Freistellung während der Kündigungsfrist: Wann liegt böswilliges Unterlassen anderweitigen Verdienstes vor?
Nach Zugang der Kündigung meldete sich der Mitarbeiter Anfang April 2023 arbeitssuchend und erhielt von der Agentur für Arbeit erstmals Anfang Juli Vermittlungsvorschläge. Die Arbeitgeberin übersandte ihm hingegen schon im Mai und Juni 2023 insgesamt 43 von Jobportalen oder Unternehmen online gestellte Stellenangebote, die nach ihrer Einschätzung für den Mitarbeiter in Betracht gekommen wären. Auf sieben davon bewarb sich der Mitarbeiter, allerdings erst ab Ende Juni 2023.
Nachdem die Arbeitgeberin dem Mitarbeiter für Juni 2023 keine Vergütung mehr zahlte, erhob der Mitarbeiter Klage auf Zahlung. Die Arbeitgeberin beantragte Klageabweisung und wandte ein, der Mitarbeiter sei verpflichtet gewesen, sich während der Freistellung zeitnah auf die ihm überlassenen Stellenangebote zu bewerben. Weil er dies unterlassen habe, müsse er sich für Juni 2023 nach § 615 Satz 2 BGB fiktiven anderweitigen Verdienst in Höhe des bei der Arbeitgeberin bezogenen Gehalts anrechnen lassen.
Das Arbeitsgeicht hatte die Klage abgewiesen. Auf die Berufung des Mitarbeiters hatte das Landesarbeitsgericht der Klage stattgegeben. Die dagegen erhobene Revision der Arbeitgeberin beim Bundesarbeitsgericht blieb ohne Erfolg.
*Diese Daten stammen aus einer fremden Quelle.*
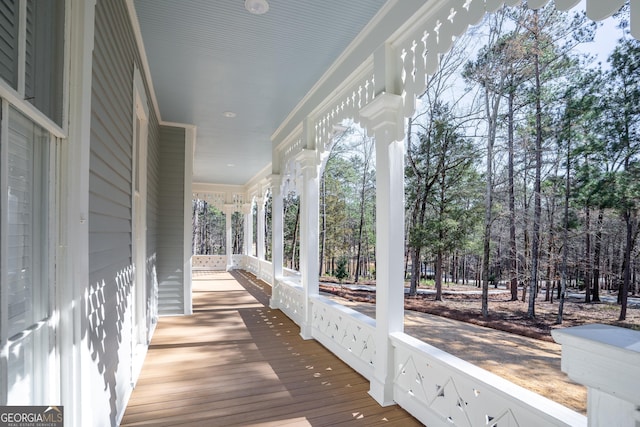 wooden deck featuring covered porch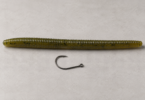 One unbranded dark fishing hook beside an olive-green soft-plastic worm on a neutral studio surface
Weil § 615 Satz 2 BGB eine Billigkeitsregelung enthält, kann der Umfang der Obliegenheit des Arbeitnehmers zu anderweitigem Erwerb nicht losgelöst von den Pflichten des Arbeitgebers beurteilt werden. Die Arbeitgeberin hatte hier nicht dargelegt, dass ihr die Erfüllung des aus dem Arbeitsverhältnis resultierenden, auch während der Kündigungsfrist bestehenden Beschäftigungsanspruchs des Mitarbeiters unzumutbar gewesen wäre. Ausgehend hiervon bestand für ihn keine Verpflichtung, schon vor Ablauf der Kündigungsfrist zur finanziellen Entlastung der Arbeitgeberin ein anderweitiges Beschäftigungsverhältnis einzugehen und daraus Verdienst zu erzielen.